Among the best performers during Thursday’s stock market rally were the beaten down shares of three consumer financial companies— Capital One Financial, Discover Financial Services, and Synchrony Financial.
Synchrony stock (ticker: SYF) led the group, up 14% to $19.03. Discover stock (DFS) rose 11.4% to $41.71, while Capital One shares (COF) jumped 10.6%. By comparison, the PHLX/KBW Nasdaq Bank Index rose 8%, while the Dow was up 6.4%.
For all three, it was their highest close since March 13. Discover shares have gained every day this week, up 65% over the period. That’s its best four-day stretch on record, according to Dow Jones Market Data. The others are on a three-day streak.
The Senate passed a $2 trillion stimulus bill Wednesday night, giving the broader market a much-needed boost on Thursday. The gains continued even after the Labor Department said that 3.28 million Americans filed for unemployment last week. The stimulus bill, if approved by Congress, would temporarily improve unemployment benefits and expand them to include freelancers and gig economy workers.
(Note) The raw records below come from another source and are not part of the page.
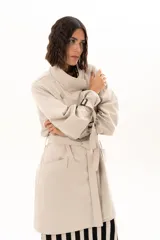 Trench corto color beige con cuello alto, cierre frontal de botones y cinturón ajustable en la cintura. Presenta mangas largas con detalles de tiras ajustables en los puños y bolsillos laterales.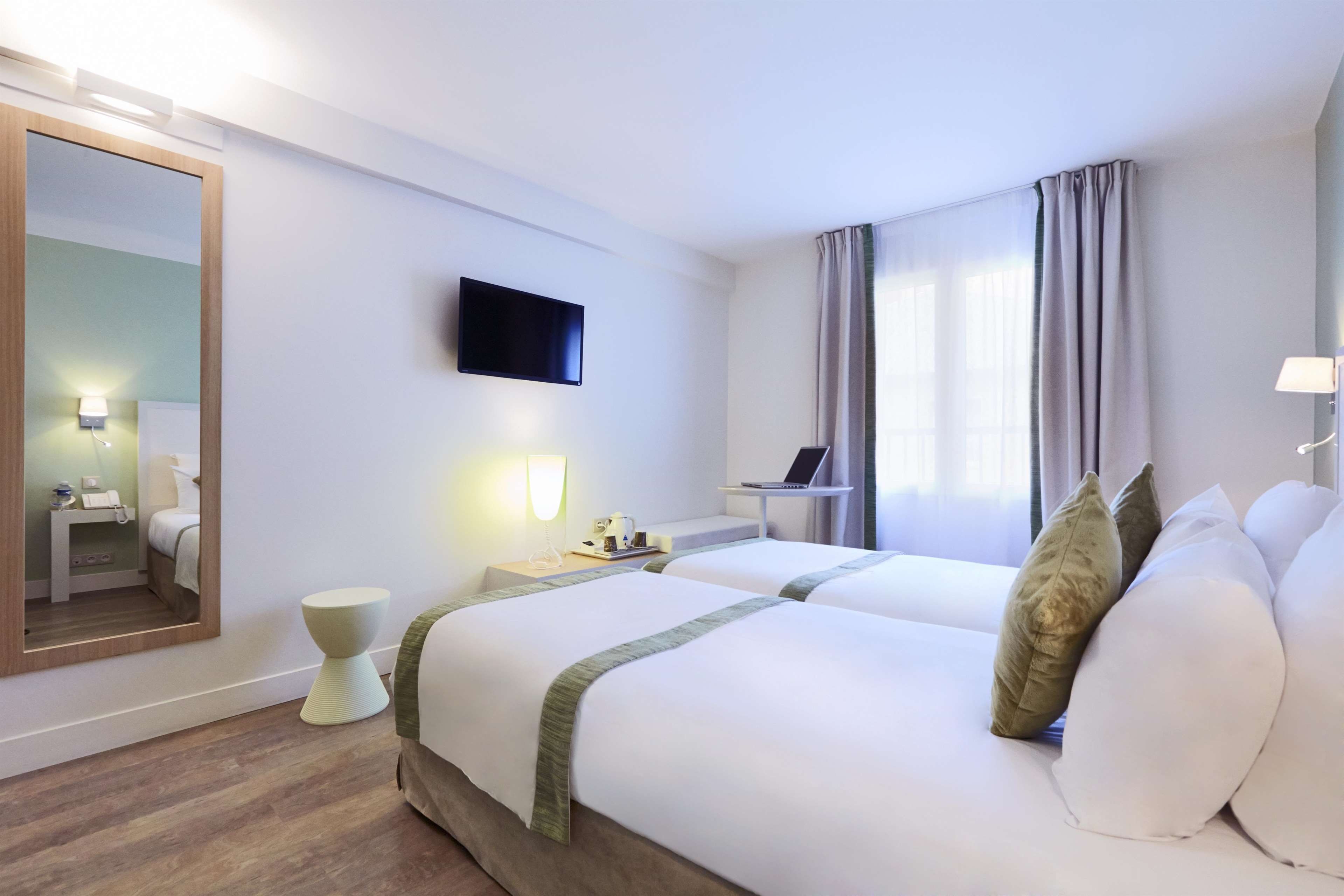 A hotel room with two beds, a flat-screen TV, a bedside table with a lamp, a mirror, and a window with curtains.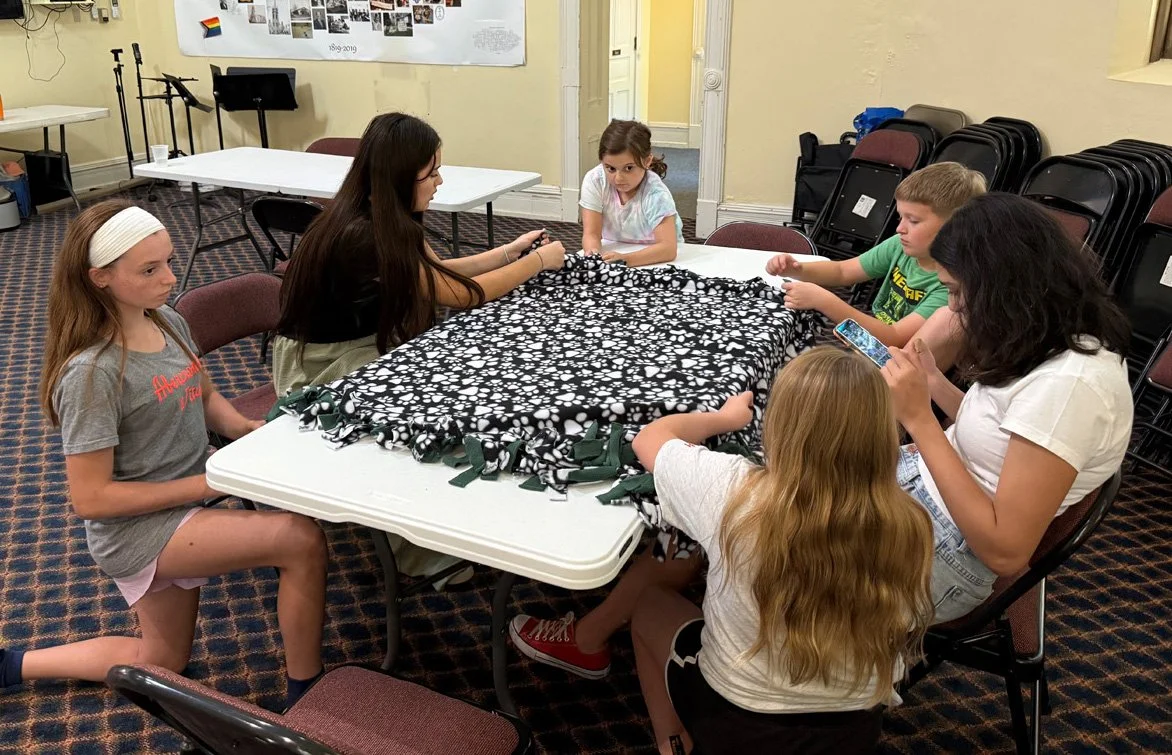 Children making blankets to give to children who need them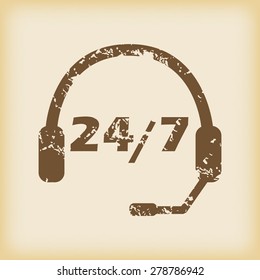Grungy brown icon with headset and text 24 per 7, on beige background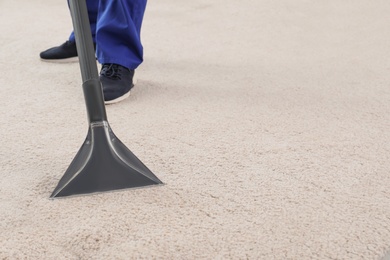 Photo of Man removing dirt from carpet with vacuum cleaner indoors, closeup. Space for text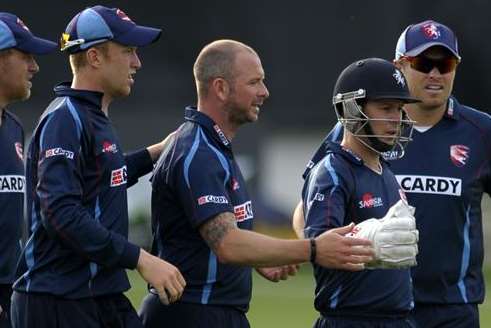 Kent players celebrate taking a wicket against Sussex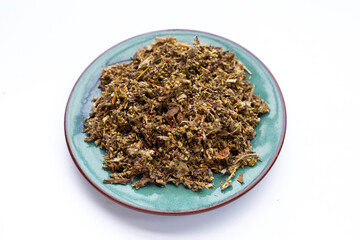 Dried absinthe wormwood in plate on white background.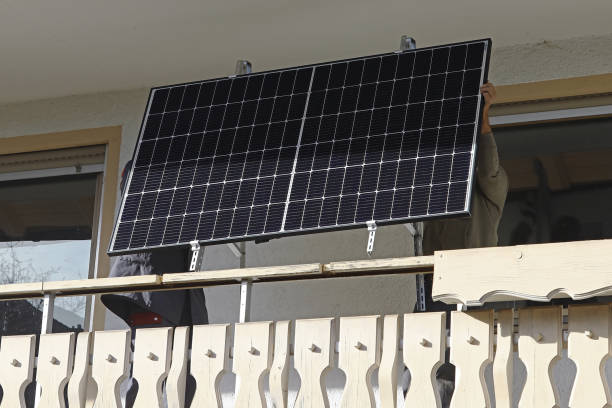 istock Two men assemble a balcony power plant to generate electricity 2197807112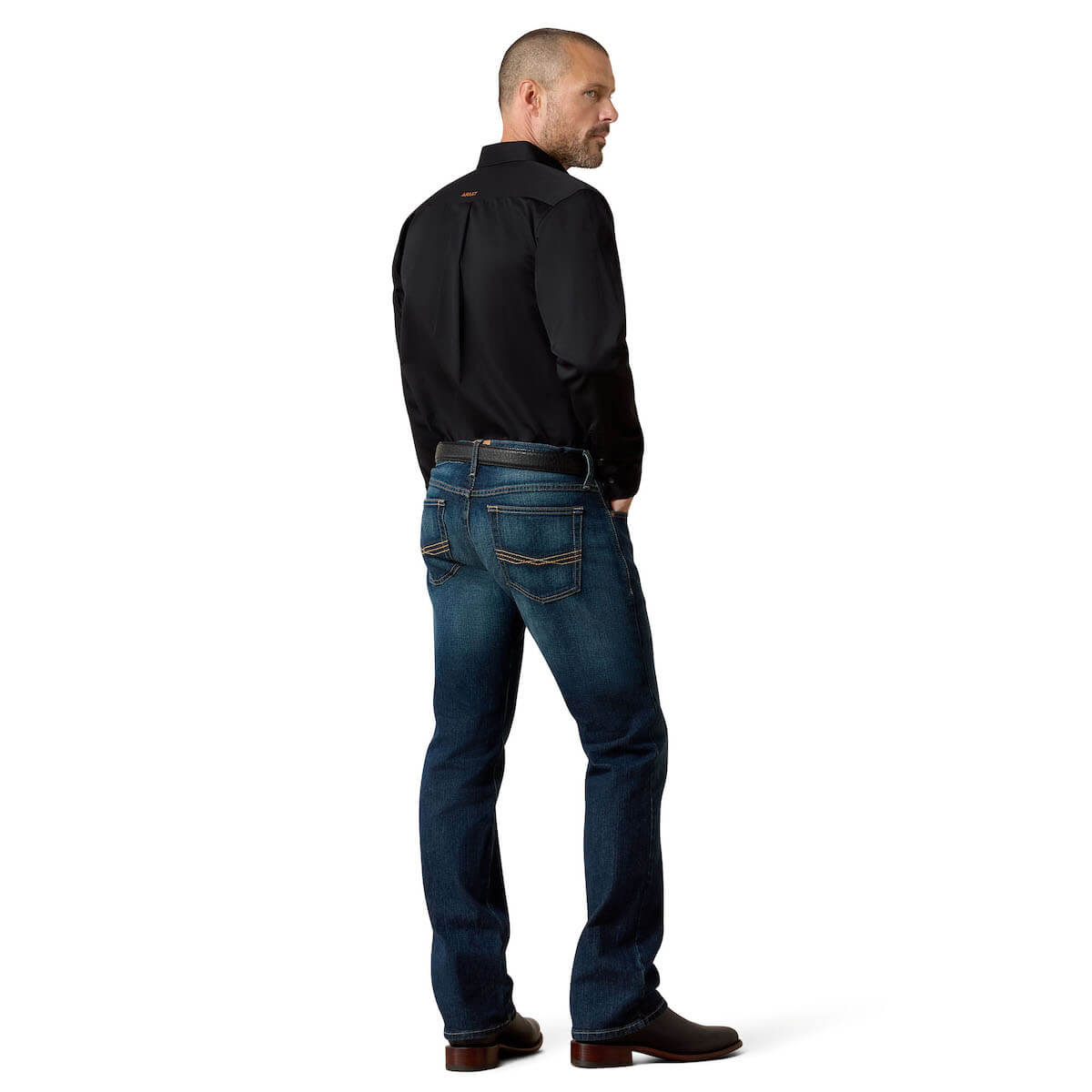 Man wearing a black shirt and blue jeans on a white background
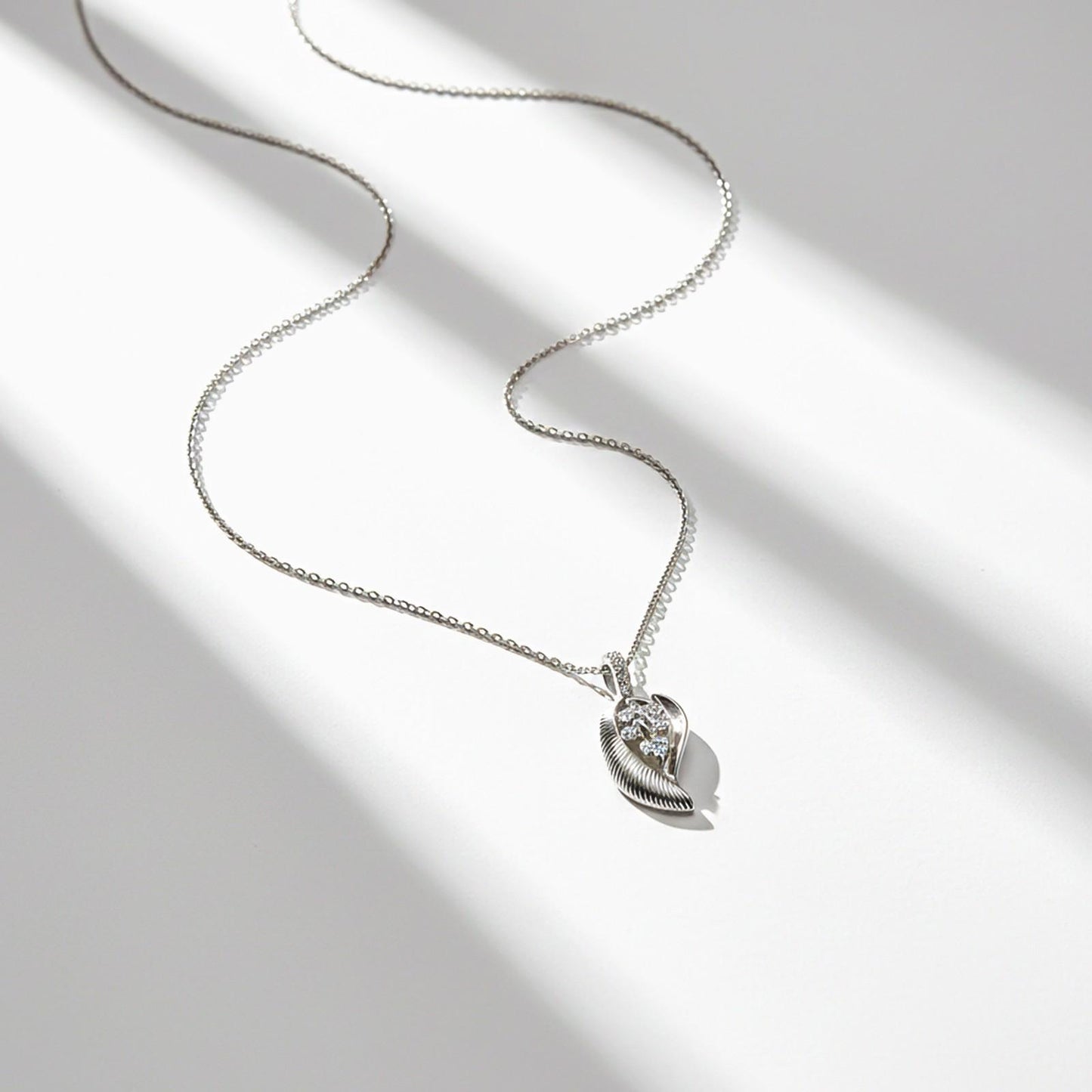 Swiss Stone Leaf Design Pendant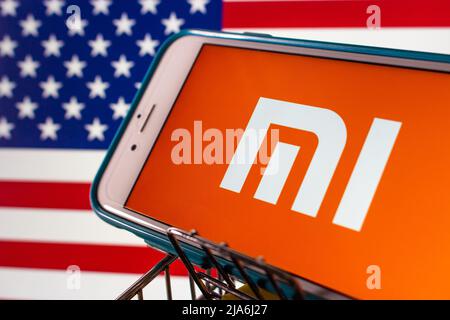 Kumamoto, JAPAN - Feb 31 2021 : das Logo von Xiaomi, dem chinesischen Elektronikunternehmen, macht und investiert in Smartphones, Apps usw. auf dem iPhone mit US-Flagge bg. Stockfoto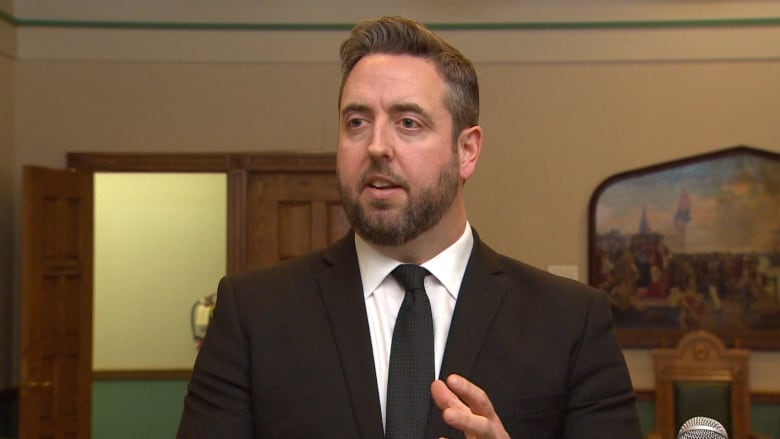 A man wearing a black suit talks to reporters.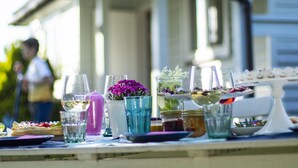 A dining table set outdoors with various dishes and drinks. - Large Holiday House With Terrace, Bobolin (Darlowo)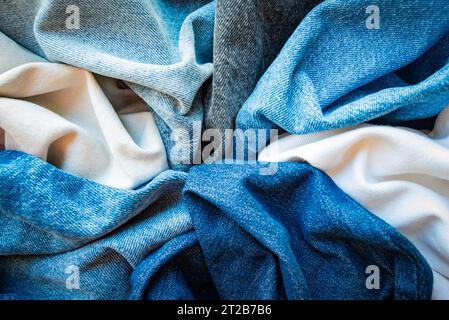 Various shades and colors of denim fabrics. Denim texture background. Stock Photo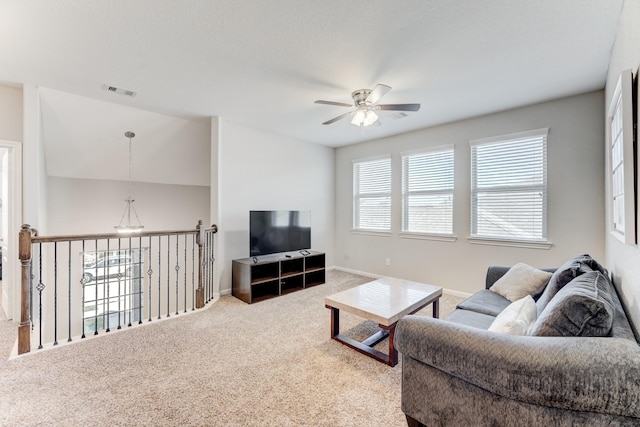 carpeted living room featuring visible vents, a ceiling fan, and baseboards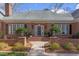 Elegant brick front entrance with well-maintained landscaping and inviting walkway at 105 Wicklow Pl, Chapel Hill, NC 27517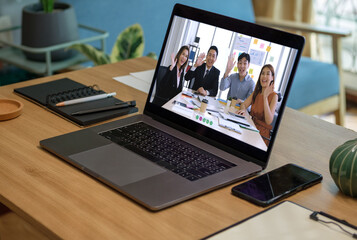 close up screen groupd of asian colleage video confernece business plan with laptop on table at home
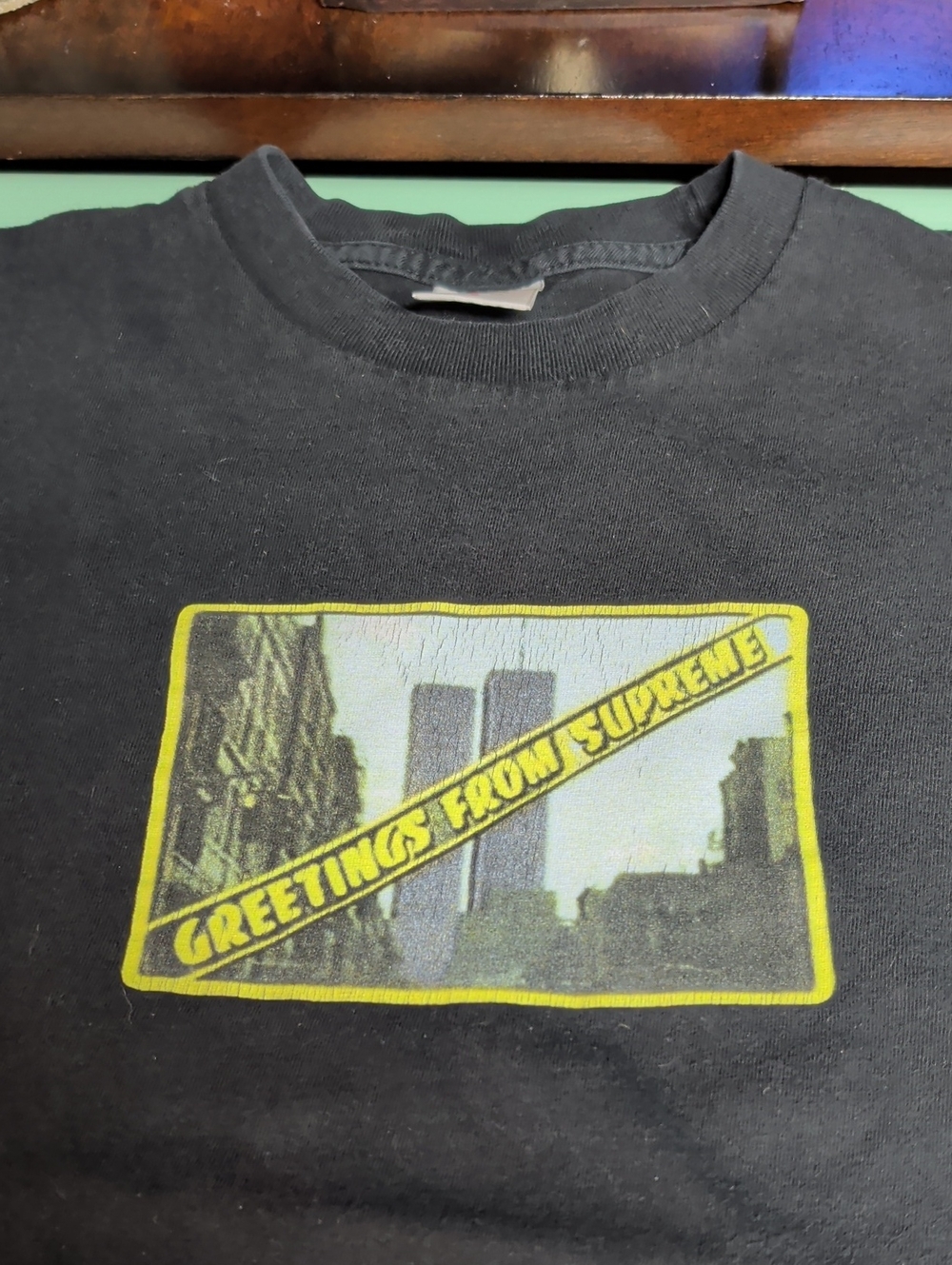 Supreme Black Tee with Yellow 'Greetings From Supreme' Graphic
And much of the relief for businesses comes in the form of loans, meaning banks will have a hand in the action. For the credit card companies, specifically, the relief means consumers will have more cash to make payments.
Just because Synchrony, Discover, and Capital One had a big day, doesn’t mean they are out of the woods. All three trail the PHLX/KBW Bank Index in 2020, which is down 38% year to date. At current levels, Capital One is still on pace for its worst month since January 2009. March would be both Discover’s and Synchrony’s worst month on record.